We presented new robust formulations for general deformable shape capture from monocular video and presented the first methods for reconstruction of high quality static shape and texture of a human template model from monocular color video. The group developed new formulations for high-quality multi-view performance capture of humans in general apparel that succeed in more general uncontrolled scenes. Our research also resulted in the first approach for full performance capture of 3D pose and deforming surface geometry of a human in general everyday apparel from a single color video. It combines model-based and deep learning-based reconstruction. In follow-up work, we presented the first method to do full 3D human performance capture from monocular video even in real-time.
We also presented widely cited methods to capture dynamic face geometry, expression, appearance and illumination from monocular video. An entirely new way of integrating a CNN and a model-based reconstruction approach in an end-to-end-trainable architecture enabled face reconstruction at unseen speed and accuracy from single images, while even enabling training on unlabeled face images. Follow-up work showed how we can even learn a full parametric face model from community image and video data.
We also maintain one of the largest repositories of reference data sets for general static and dynamic scene reconstruction, and marker-less motion and performance capture.
Large-scale, High-quality 3D Reconstruction with Lightweight Sensors
In the reporting period we continued to contribute state-of-the-art approaches for high quality static scene reconstruction with single (depth)cameras. We presented a new, widely used, algorithm for real-time dense 3D scanning and bundle adjustment with an RGB-D camera, and presented one of the first methods to scan very thin geometric structures with a consumer RGB-D camera by using geometric curve structures as fusion primitives. We further developed a new dictionary-based approach to 3D geometry denoising, as well as a state-of-the-art method for object retrieval and pose estimation from single color images.
Computational Videography and Inverse Rendering
The group continued to contribute new methods for advanced video processing and computational videography. For instance, we showed that by means of combining advanced monocular performance capture with new methods for neural network based video synthesis, entirely new ways of generating and editing human face portrait videos, as well as videos of entire humans at previously unseen photo realism as well as computational performance can be achieved. Beyond use in creative media generation, our approaches also pave the way for new ways of photo-realistic VR and AR experiences, such as photoreal headset removal for VR telepresence, or human avatar reenactment for video-realistic telepresence. We also developed new advanced approaches for inverse rendering, i.e., estimation of lighting and reflectance from monocular color and depth video. Examples are the first real-time method for BRDF estimation from monocular RGB, as well as the first real-time approach for live user-guided intrinsic video.

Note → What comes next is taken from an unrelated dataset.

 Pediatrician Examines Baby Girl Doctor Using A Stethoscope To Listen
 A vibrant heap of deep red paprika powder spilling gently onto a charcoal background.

Foundational Algorithms for Visual Computing and Machine Learning
We investigate foundational algorithms of cross-cutting relevance for real world reconstruction, real world synthesis and inverse rendering algorithms. For instance, we developed new scalable and efficient approaches for solving general matching problems, as well as developed new programming tools to implement efficient GPU solvers for high dimensional non-convex energy minimization problems in visual computing. We also investigate new ways to design memory-efficient yet performant learning architectures, in particular CNNs, new ways to better understand and explain their emergent structural properties, and new ways to combine them with expert-designed algorithms and model representations in end-to-end trainable architectures.